2005 Pennsylvania 500
- The 2005 Pennsylvania 500 program cover, featuring Rusty Wallace and Mark Martin.
- Date: July 24, 2005
- Official name: 32nd Annual Pennsylvania 500
- Location: Long Pond, Pennsylvania, Pocono Raceway
- Course: Permanent racing facility
- Course length: 4.0 km (2.5 miles)
- Distance: 203 laps, 816.742 mi (816.742 km)
- Scheduled distance: 200 laps, 500 mi (804.672 km)
- Average speed: 125.283 miles per hour (201.623 km/h)
- Attendance: 100,000

Pole position
- Driver: Jamie McMurray; / Chip Ganassi Racing with Felix Sabates
- Time: 53.330

Most laps led
- Driver: Kurt Busch / Roush Racing
- Laps: 131

Winner
- No. 97: Kurt Busch / Roush Racing

Television in the United States
- Network: TNT
- Announcers: Bill Weber, Benny Parsons, Wally Dallenbach Jr.

Radio in the United States
- Radio: Motor Racing Network

= 2005 Pennsylvania 500 =

The 2005 Pennsylvania 500 was the 20th stock car racing race of the 2005 NASCAR Nextel Cup Series season and the 32nd iteration of the event.

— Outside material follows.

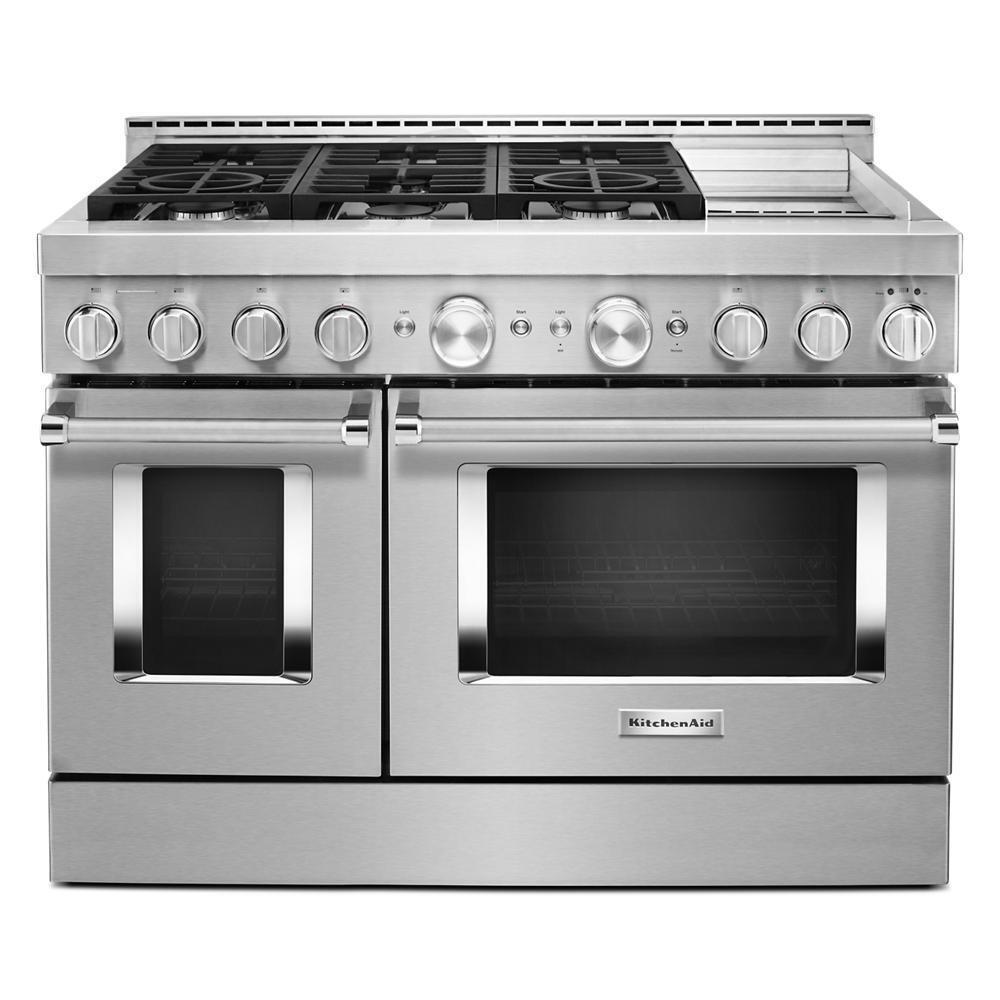 KFGC558JSS KitchenAid® 48'' Smart Commercial-Style Gas Range with Griddle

The race was held on Sunday, July 24, 2005, before a crowd of 100,000 in Long Pond, Pennsylvania, at Pocono Raceway, a 2.5 miles (4.0 km) triangular permanent course. The race was extended from 200 laps to 203 due to a green–white–checker finish caused by Michael Waltrip spinning with two to go. The race would end under caution, with Kurt Busch of Roush Racing pulling ahead of Rusty Wallace of Penske Racing when the caution came out due to Kasey Kahne hitting the wall on the final lap. The race would be Busch's 13th NASCAR Nextel Cup Series win of his career and his second of the season. To fill out the podium, Mark Martin of Roush Racing would finish third.

== Background ==

The layout of Pocono Raceway, the venue where the race was held.

The race was held at Pocono Raceway, which is a three-turn superspeedway located in Long Pond, Pennsylvania. The track hosts two annual NASCAR Sprint Cup Series races, as well as one Xfinity Series and Camping World Truck Series event. Until 2019, the track also hosted an IndyCar Series race.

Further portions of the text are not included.